Material provided »
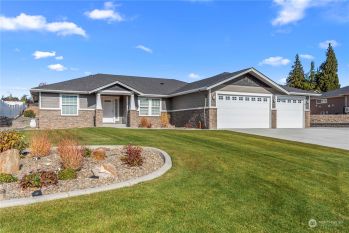 668 S Newton Avenue , East Wenatchee, WA 98802-1111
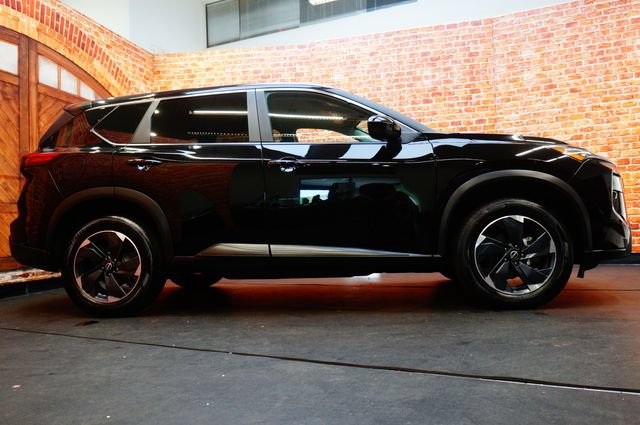 Certified 2024 Nissan Rogue SV AWD/4WD image 5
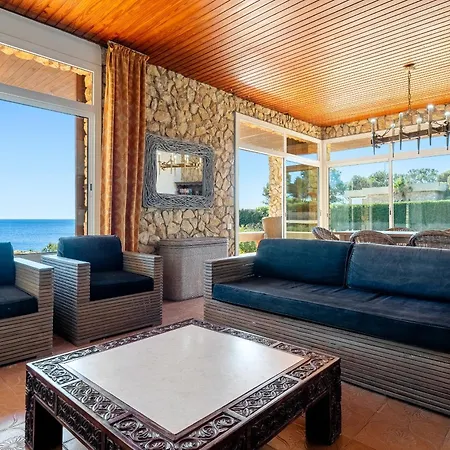 Holiday home Hauzify I Casa Ginesta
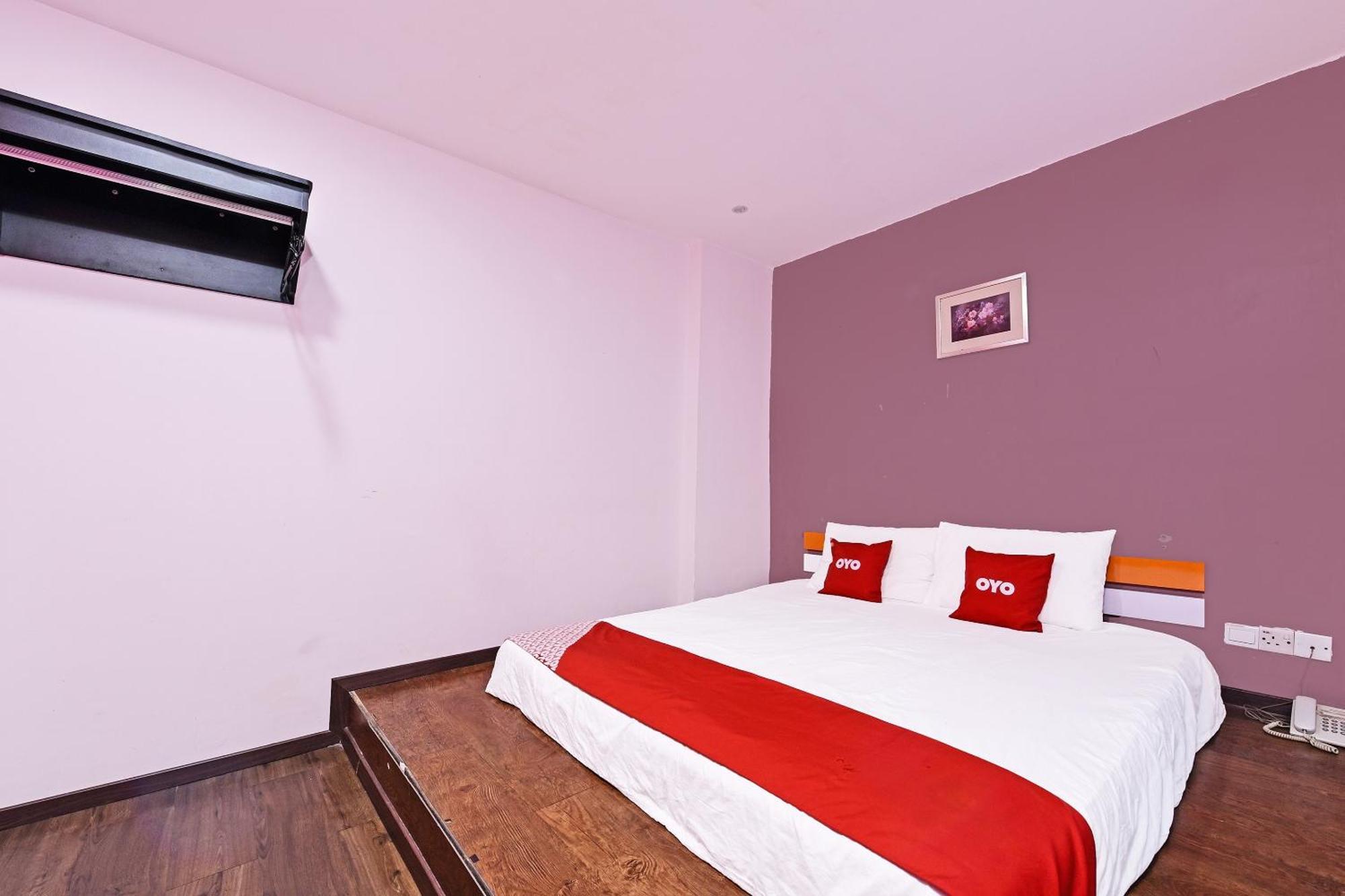 OYO 992 Orange Hotel Kuala Pilah Luaran gambar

Problem details » Say again, word for word, every line from the one with "Holiday home Hauzify I Casa Ginesta" through the last line of the data above, minus the pictures.

Output for this exercise »
 Holiday home Hauzify I Casa Ginesta
 OYO 992 Orange Hotel Kuala Pilah Luaran gambar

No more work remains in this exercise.